Provided data:
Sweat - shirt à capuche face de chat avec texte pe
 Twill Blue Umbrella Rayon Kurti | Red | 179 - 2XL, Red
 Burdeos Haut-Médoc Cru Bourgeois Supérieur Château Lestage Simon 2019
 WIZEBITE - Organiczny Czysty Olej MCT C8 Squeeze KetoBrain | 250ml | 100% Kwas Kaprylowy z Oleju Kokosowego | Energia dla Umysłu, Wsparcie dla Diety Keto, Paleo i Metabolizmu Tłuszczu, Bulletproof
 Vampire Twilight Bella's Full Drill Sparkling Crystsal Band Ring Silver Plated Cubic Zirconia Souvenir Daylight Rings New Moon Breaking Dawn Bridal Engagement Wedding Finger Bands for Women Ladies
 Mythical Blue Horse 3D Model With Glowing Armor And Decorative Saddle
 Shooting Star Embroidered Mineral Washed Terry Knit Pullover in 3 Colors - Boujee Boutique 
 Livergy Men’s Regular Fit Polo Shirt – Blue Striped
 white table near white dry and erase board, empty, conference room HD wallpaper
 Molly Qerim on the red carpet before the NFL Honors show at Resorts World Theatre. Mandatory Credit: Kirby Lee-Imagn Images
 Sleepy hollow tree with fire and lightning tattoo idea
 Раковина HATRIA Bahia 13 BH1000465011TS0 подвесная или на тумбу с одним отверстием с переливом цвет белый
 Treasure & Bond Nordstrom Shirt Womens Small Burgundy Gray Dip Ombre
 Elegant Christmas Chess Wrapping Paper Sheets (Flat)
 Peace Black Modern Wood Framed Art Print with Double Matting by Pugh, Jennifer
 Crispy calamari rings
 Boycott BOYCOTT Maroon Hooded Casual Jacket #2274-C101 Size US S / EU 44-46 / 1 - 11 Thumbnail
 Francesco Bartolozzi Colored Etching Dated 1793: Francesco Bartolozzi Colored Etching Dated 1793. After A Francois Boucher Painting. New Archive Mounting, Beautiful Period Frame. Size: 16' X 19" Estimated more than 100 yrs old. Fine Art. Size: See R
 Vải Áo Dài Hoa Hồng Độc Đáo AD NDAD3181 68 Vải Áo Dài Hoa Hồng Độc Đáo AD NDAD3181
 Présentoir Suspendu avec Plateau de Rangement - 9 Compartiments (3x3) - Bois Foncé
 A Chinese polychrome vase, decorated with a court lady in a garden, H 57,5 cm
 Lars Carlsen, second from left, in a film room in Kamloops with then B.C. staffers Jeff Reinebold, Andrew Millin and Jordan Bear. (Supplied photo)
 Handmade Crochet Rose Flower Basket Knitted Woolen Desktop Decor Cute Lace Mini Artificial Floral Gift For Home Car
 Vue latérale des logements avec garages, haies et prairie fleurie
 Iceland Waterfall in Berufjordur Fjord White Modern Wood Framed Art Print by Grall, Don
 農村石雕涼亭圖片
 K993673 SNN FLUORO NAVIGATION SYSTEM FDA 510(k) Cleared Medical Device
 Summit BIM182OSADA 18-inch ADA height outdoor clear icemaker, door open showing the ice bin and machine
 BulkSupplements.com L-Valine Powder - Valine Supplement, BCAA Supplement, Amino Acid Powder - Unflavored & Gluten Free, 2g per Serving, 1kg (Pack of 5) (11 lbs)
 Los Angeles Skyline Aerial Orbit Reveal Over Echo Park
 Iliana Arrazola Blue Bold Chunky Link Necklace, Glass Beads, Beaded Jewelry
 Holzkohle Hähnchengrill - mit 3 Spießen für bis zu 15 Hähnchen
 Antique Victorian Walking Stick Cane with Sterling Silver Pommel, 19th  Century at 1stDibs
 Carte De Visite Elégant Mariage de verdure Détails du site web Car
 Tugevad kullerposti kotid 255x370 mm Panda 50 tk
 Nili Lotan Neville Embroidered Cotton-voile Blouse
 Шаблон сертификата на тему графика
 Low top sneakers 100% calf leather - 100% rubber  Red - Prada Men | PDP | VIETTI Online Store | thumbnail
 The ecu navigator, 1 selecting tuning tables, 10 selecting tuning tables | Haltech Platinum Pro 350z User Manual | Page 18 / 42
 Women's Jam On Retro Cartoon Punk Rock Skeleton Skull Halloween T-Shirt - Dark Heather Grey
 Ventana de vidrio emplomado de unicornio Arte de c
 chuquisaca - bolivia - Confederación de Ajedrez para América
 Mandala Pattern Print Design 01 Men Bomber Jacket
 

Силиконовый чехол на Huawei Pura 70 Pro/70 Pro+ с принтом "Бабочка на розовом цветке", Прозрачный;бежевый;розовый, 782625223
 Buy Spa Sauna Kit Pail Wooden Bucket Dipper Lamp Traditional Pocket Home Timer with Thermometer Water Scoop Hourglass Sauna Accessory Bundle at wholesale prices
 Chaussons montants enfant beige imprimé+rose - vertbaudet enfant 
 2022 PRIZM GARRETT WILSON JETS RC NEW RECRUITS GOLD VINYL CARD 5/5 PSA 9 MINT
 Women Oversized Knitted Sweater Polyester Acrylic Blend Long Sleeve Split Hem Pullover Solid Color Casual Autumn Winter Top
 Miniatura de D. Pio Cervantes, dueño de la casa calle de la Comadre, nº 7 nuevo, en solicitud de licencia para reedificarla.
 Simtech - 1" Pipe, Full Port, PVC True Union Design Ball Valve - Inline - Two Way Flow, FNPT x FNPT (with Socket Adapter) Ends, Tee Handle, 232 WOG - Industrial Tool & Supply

Work task: The answer is the run of lines above from the line containing "Lars Carlsen, second" through the line containing "Women Oversized Knitted", copied exactly and alone.

Exercise answer:
 Lars Carlsen, second from left, in a film room in Kamloops with then B.C. staffers Jeff Reinebold, Andrew Millin and Jordan Bear. (Supplied photo)
 Handmade Crochet Rose Flower Basket Knitted Woolen Desktop Decor Cute Lace Mini Artificial Floral Gift For Home Car
 Vue latérale des logements avec garages, haies et prairie fleurie
 Iceland Waterfall in Berufjordur Fjord White Modern Wood Framed Art Print by Grall, Don
 農村石雕涼亭圖片
 K993673 SNN FLUORO NAVIGATION SYSTEM FDA 510(k) Cleared Medical Device
 Summit BIM182OSADA 18-inch ADA height outdoor clear icemaker, door open showing the ice bin and machine
 BulkSupplements.com L-Valine Powder - Valine Supplement, BCAA Supplement, Amino Acid Powder - Unflavored & Gluten Free, 2g per Serving, 1kg (Pack of 5) (11 lbs)
 Los Angeles Skyline Aerial Orbit Reveal Over Echo Park
 Iliana Arrazola Blue Bold Chunky Link Necklace, Glass Beads, Beaded Jewelry
 Holzkohle Hähnchengrill - mit 3 Spießen für bis zu 15 Hähnchen
 Antique Victorian Walking Stick Cane with Sterling Silver Pommel, 19th  Century at 1stDibs
 Carte De Visite Elégant Mariage de verdure Détails du site web Car
 Tugevad kullerposti kotid 255x370 mm Panda 50 tk
 Nili Lotan Neville Embroidered Cotton-voile Blouse
 Шаблон сертификата на тему графика
 Low top sneakers 100% calf leather - 100% rubber  Red - Prada Men | PDP | VIETTI Online Store | thumbnail
 The ecu navigator, 1 selecting tuning tables, 10 selecting tuning tables | Haltech Platinum Pro 350z User Manual | Page 18 / 42
 Women's Jam On Retro Cartoon Punk Rock Skeleton Skull Halloween T-Shirt - Dark Heather Grey
 Ventana de vidrio emplomado de unicornio Arte de c
 chuquisaca - bolivia - Confederación de Ajedrez para América
 Mandala Pattern Print Design 01 Men Bomber Jacket
 

Силиконовый чехол на Huawei Pura 70 Pro/70 Pro+ с принтом "Бабочка на розовом цветке", Прозрачный;бежевый;розовый, 782625223
 Buy Spa Sauna Kit Pail Wooden Bucket Dipper Lamp Traditional Pocket Home Timer with Thermometer Water Scoop Hourglass Sauna Accessory Bundle at wholesale prices
 Chaussons montants enfant beige imprimé+rose - vertbaudet enfant 
 2022 PRIZM GARRETT WILSON JETS RC NEW RECRUITS GOLD VINYL CARD 5/5 PSA 9 MINT
 Women Oversized Knitted Sweater Polyester Acrylic Blend Long Sleeve Split Hem Pullover Solid Color Casual Autumn Winter Top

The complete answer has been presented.